Babci on Death

by Sandy L on October 18, 2011

Today was a rather odd and sad day for me.  At about 9:30 in the morning, my little cul de sac was overrun with police cruisers, fire trucks and ambulances.   We had a relatively new neighbor move into our little pine covered street and I just found out she died sometime in the last few days. She was just a little older than me and lived alone.   She was such a sweet lady and I’m so sorry I didn’t have enough time to get to know her better.  A part of me feels guilty that I didn’t reach out to her more often.  She had only lived in the neighborhood for about 6 months and when the weather became nicer, I offered to share some perennials for the garden that her mom was digging for her. She graciously accepted and was really incredibly touched by such a simple gesture.  She had a little lounge chair and I often saw her outside reading. She would always give me a big smile and a wave when I drove by.  She was a warm and friendly addition to the neighborhood.

She had some kind of health problem that her mom alluded to when she said that her daughter wasn’t capable of exerting herself. I also noticed the lifeline alert necklace around her neck.

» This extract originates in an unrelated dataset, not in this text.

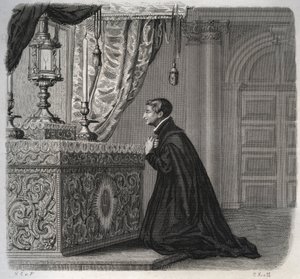 Italialainen jesuiitta Louis de Gonzague (San Luigi Gonzaga) (1568-1591) rukouksessa. Kaiverrus vuodelta 1846 kirjassa "Pyhien elämää". Yksityinen kokoelma. tekijältä Anonymous Anonymous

Although I communicated my open door policy to her, I felt it was a little too soon to offer help specific to whatever health condition she had.  Now I regret not trying to reach out to her more and a little sooner.   The conditions of her death are still unknown, but a police cruiser is parked at her house and they are interviewing the neighborhood about suspicious activities.   I wish I could have done something to help.  Our ever so observant elderly neighbor came over  and knew a whole lot more than I did. She told me that her mother lost her other daughter in a car accident when she was 9. Imagine losing 2 of your children in one lifetime? My heart just aches for this woman’s family.

Babci’s Sayings on Death

I had to go out with Babci today to run an errand and I told her what happened.   She immediately pulls out one of her favorite sayings and tells me: “A person never can predict when they are teetering on the edge of death.  Death doesn’t have favorites.”    She then went onto tell me the story of why she always sat in the back seat of our mint green Oldsmobile Cutlass Supreme growing up.  You see, some people thought it was odd that  my mom insisted on sitting in the back seat while I sat in the front seat.  When someone asked her about it, she told them the grisly truth.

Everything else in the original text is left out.